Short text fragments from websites
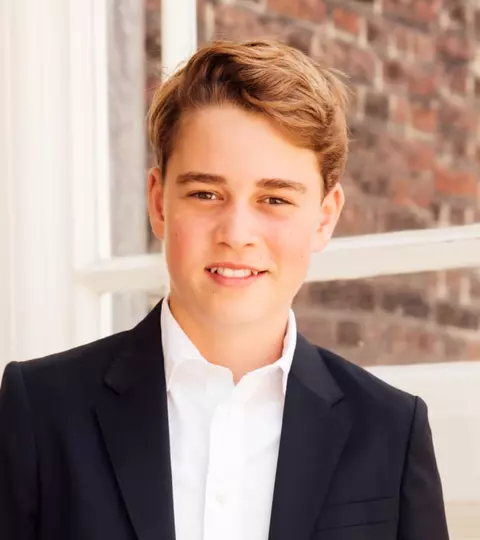 Prințul George a devenit adolescent! Portret oficial la împlinirea vârstei de 13 ani. Cât de mult a crescut fiul lui William și Kate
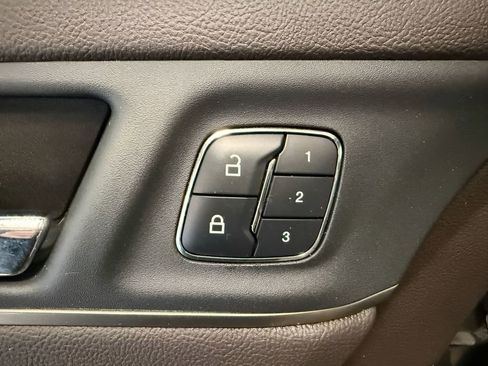 Used 2017 Lincoln MKC Reserve image 21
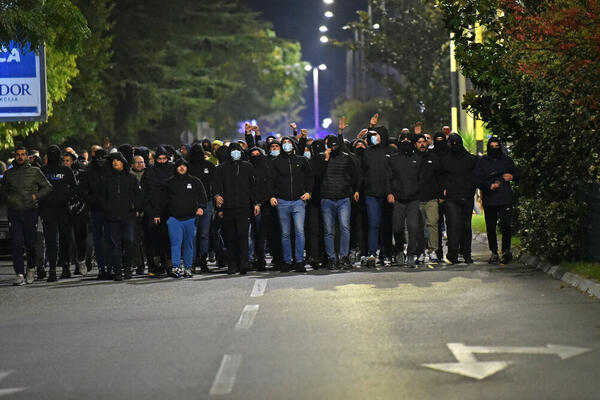 Samo opušteno, uvešćemo vize svima koje mrzite...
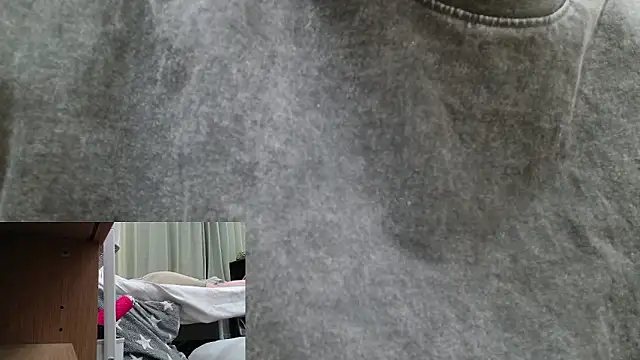 Snapshot of POCARI_SWEAT chatting on September 27, 2025, 7:24 am POCARI SWEAT online show from September 27, 2025, 7:24 am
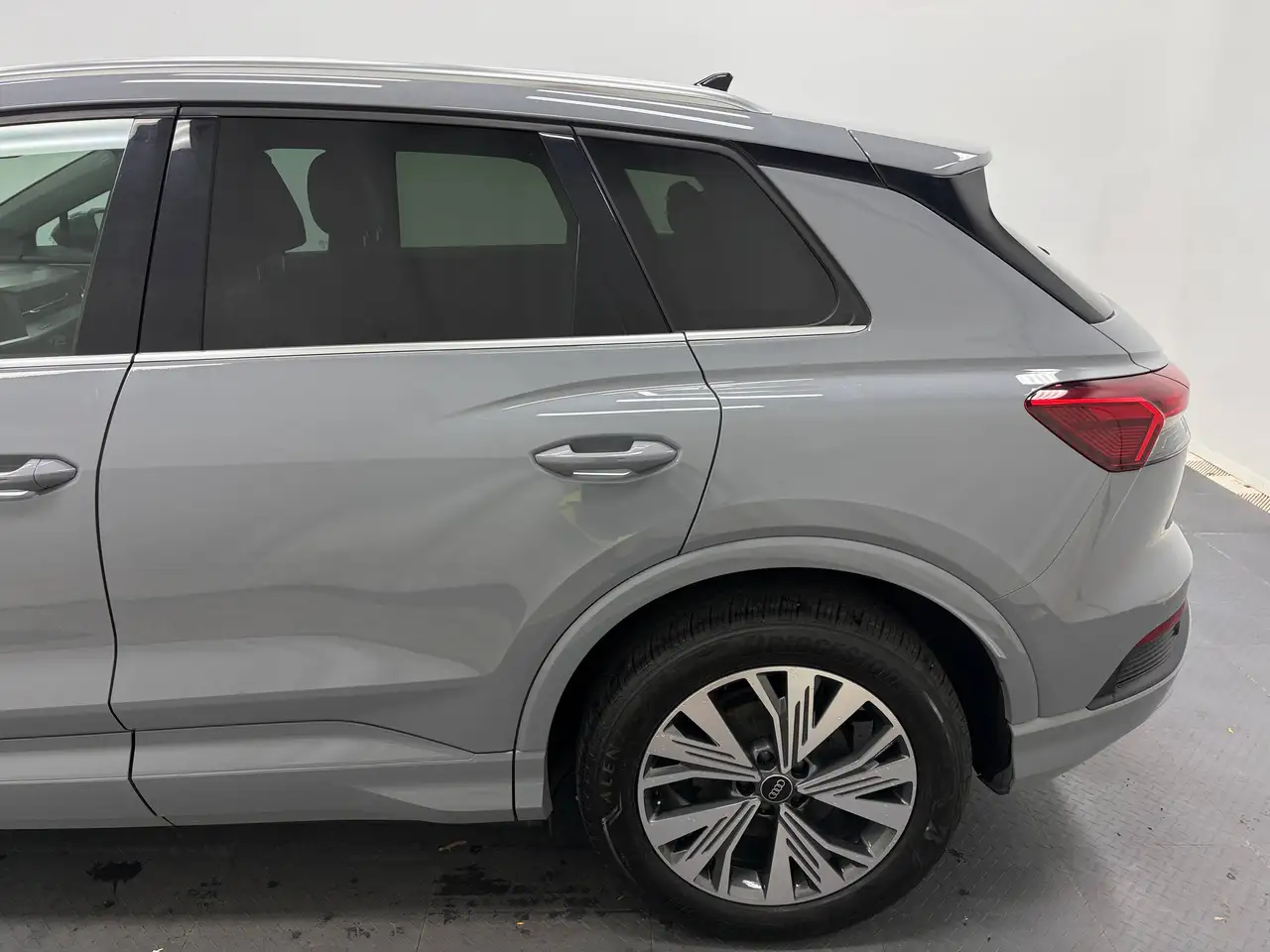 Audi Q4 e-tron - Image 4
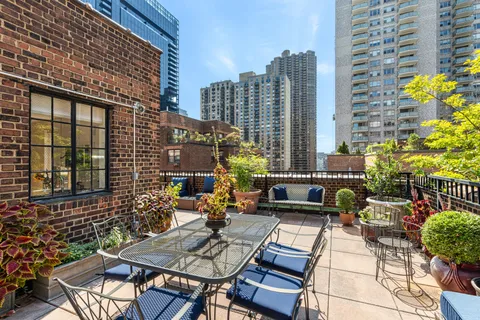 $865,000 | 324 East 41st Street, Unit 1103C | Murray Hill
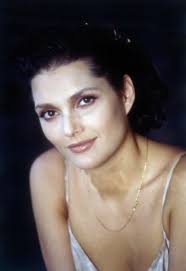 Anna Oxa, e lindur Ilirjana Hoxha, këngëtarja ikonike italiane me  prejardhje shqiptaro-italiane, shkëlqen në një seancë fotografike të vitit  1990 nga Barbara Rombi. ○○○ Anna Oxa, born Ilirjana Hoxha, the iconic  Italian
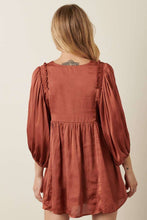 Load image into Gallery viewer, SATIN EMPIRE WAIST PUFF SLEEVE BLOUSE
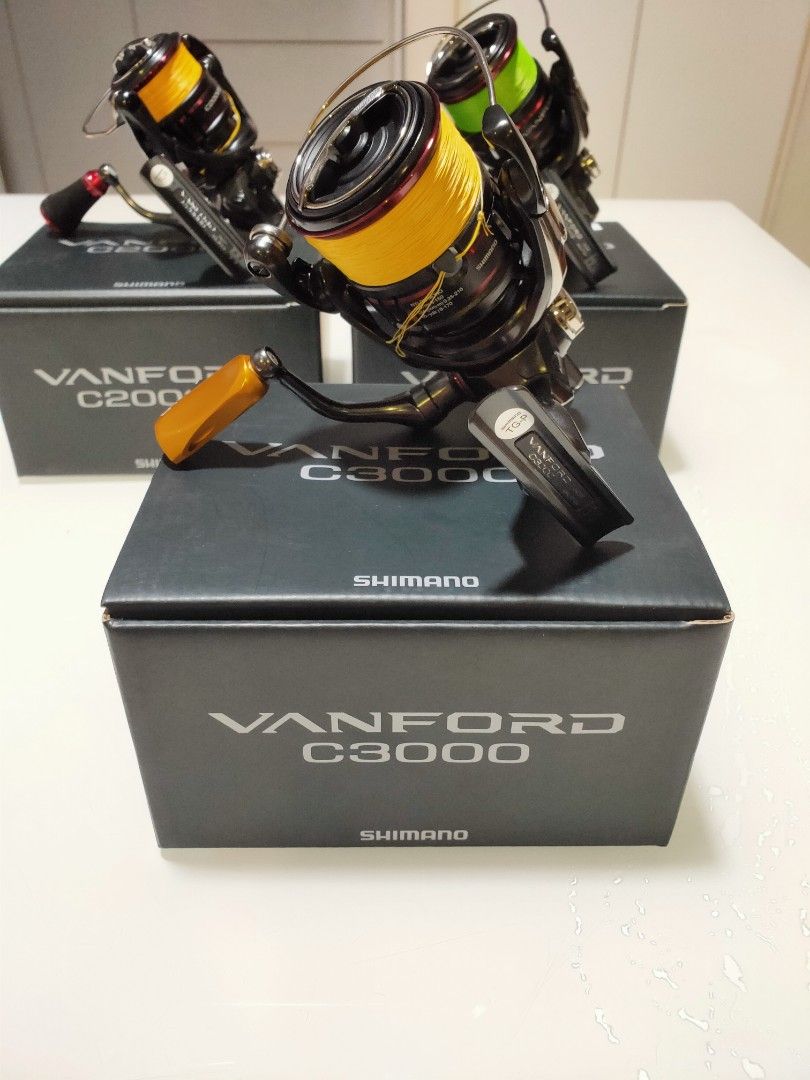 Shimano Vanford C3000 (9/10), Sports Equipment, Fishing on Carousell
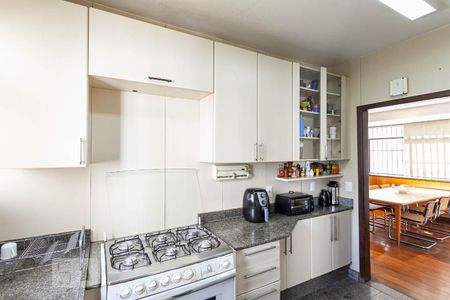 Apartamento para alugar com 180m², 4 quartos e 2 vagas Apartamento para alugar com 180m², 4 quartos e 2 vagasCozinha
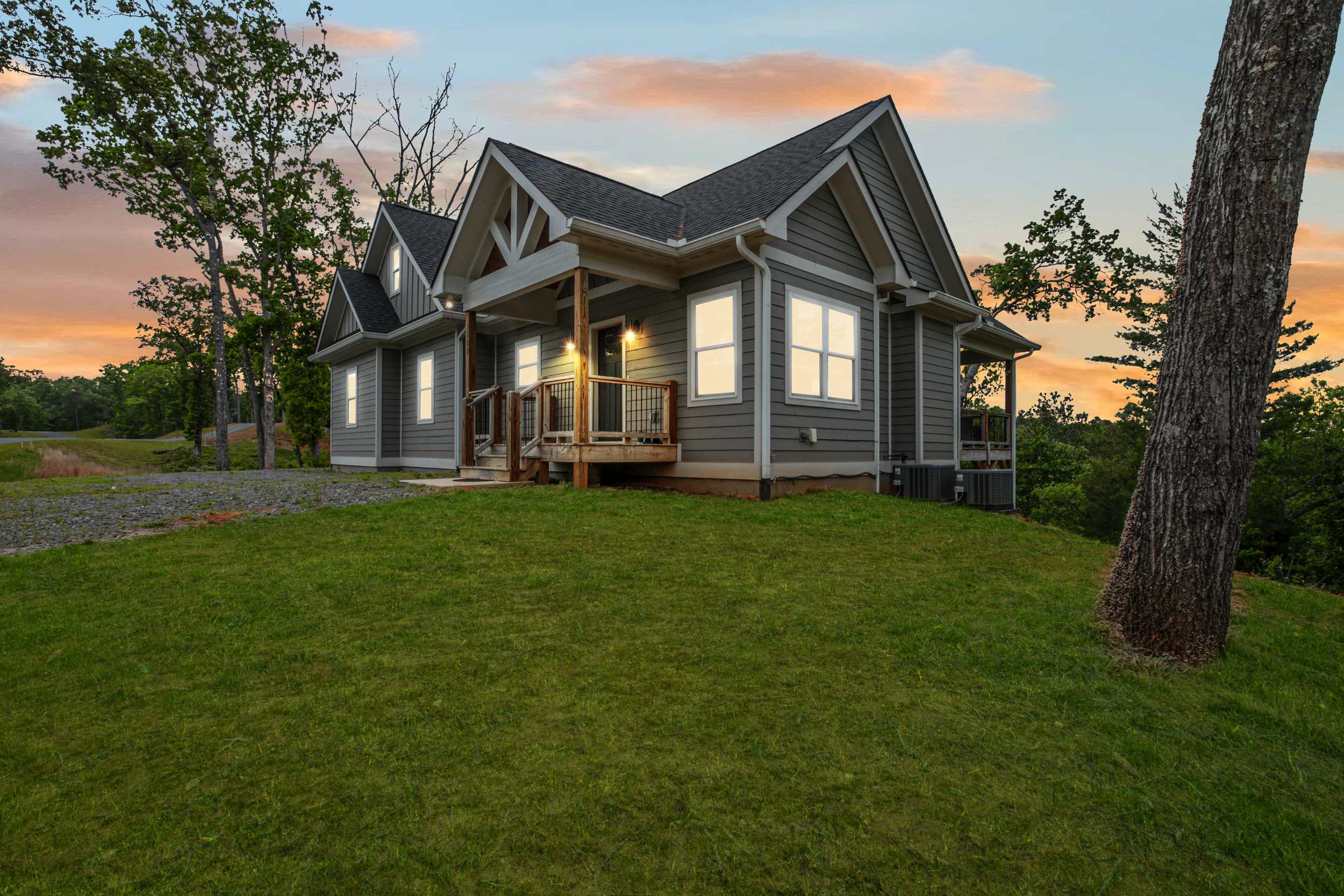 Mountain escape w/ backyard & garden views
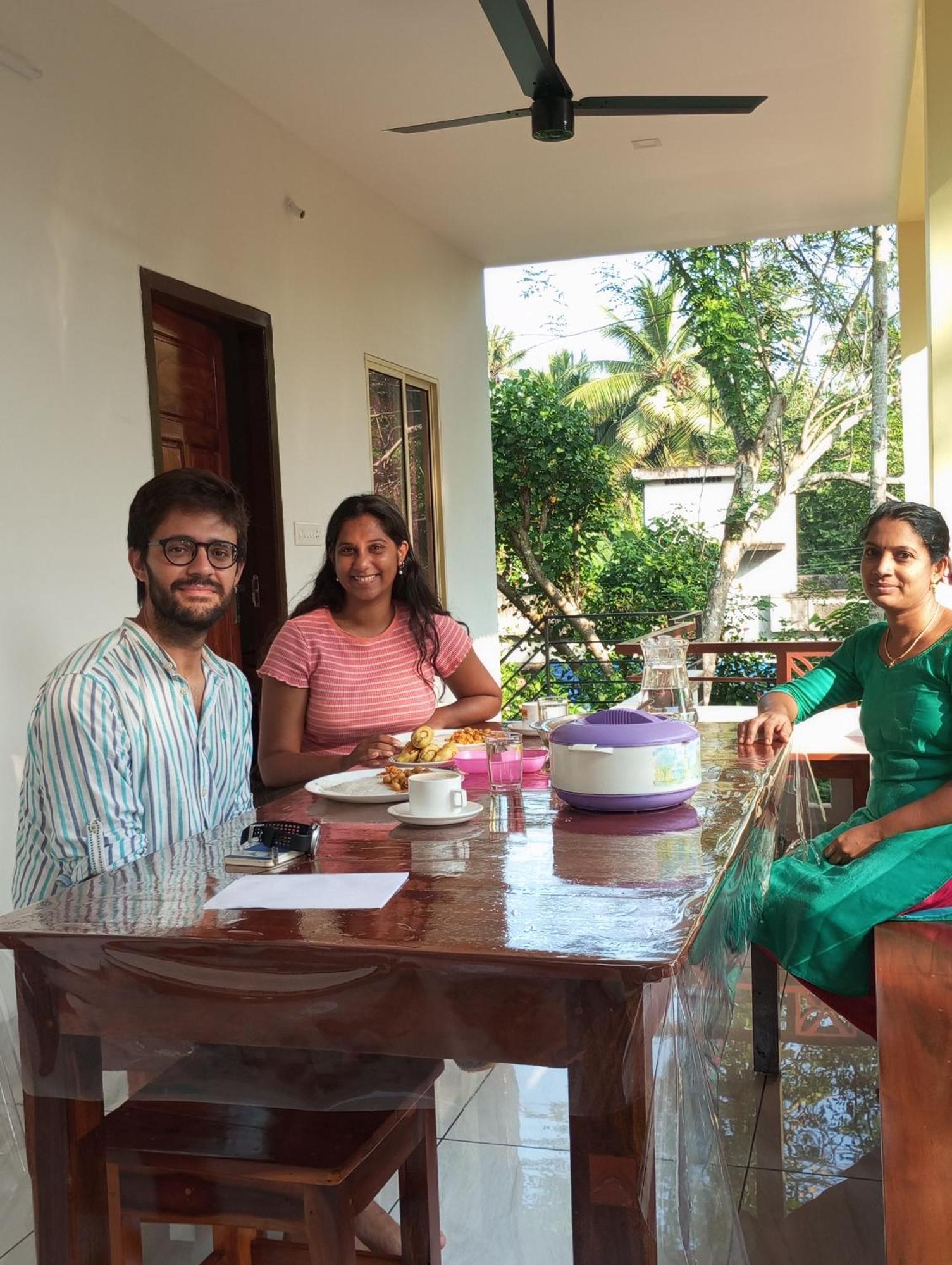 Munroe Vision Panakkattu Homestay Mundrothuruth Exteriör bild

■ **TASK TO CARRY OUT**
Drop the pictures, then write out only the lines running from the one containing "Snapshot of POCARI_SWEAT" through the last line above, both included, exactly.

■ **RESPONSE**
 Snapshot of POCARI_SWEAT chatting on September 27, 2025, 7:24 am POCARI SWEAT online show from September 27, 2025, 7:24 am
 Audi Q4 e-tron - Image 4
 $865,000 | 324 East 41st Street, Unit 1103C | Murray Hill
 Anna Oxa, e lindur Ilirjana Hoxha, këngëtarja ikonike italiane me  prejardhje shqiptaro-italiane, shkëlqen në një seancë fotografike të vitit  1990 nga Barbara Rombi. ○○○ Anna Oxa, born Ilirjana Hoxha, the iconic  Italian
 Load image into Gallery viewer, SATIN EMPIRE WAIST PUFF SLEEVE BLOUSE
 Shimano Vanford C3000 (9/10), Sports Equipment, Fishing on Carousell
 Apartamento para alugar com 180m², 4 quartos e 2 vagas Apartamento para alugar com 180m², 4 quartos e 2 vagasCozinha
 Mountain escape w/ backyard & garden views
 Munroe Vision Panakkattu Homestay Mundrothuruth Exteriör bild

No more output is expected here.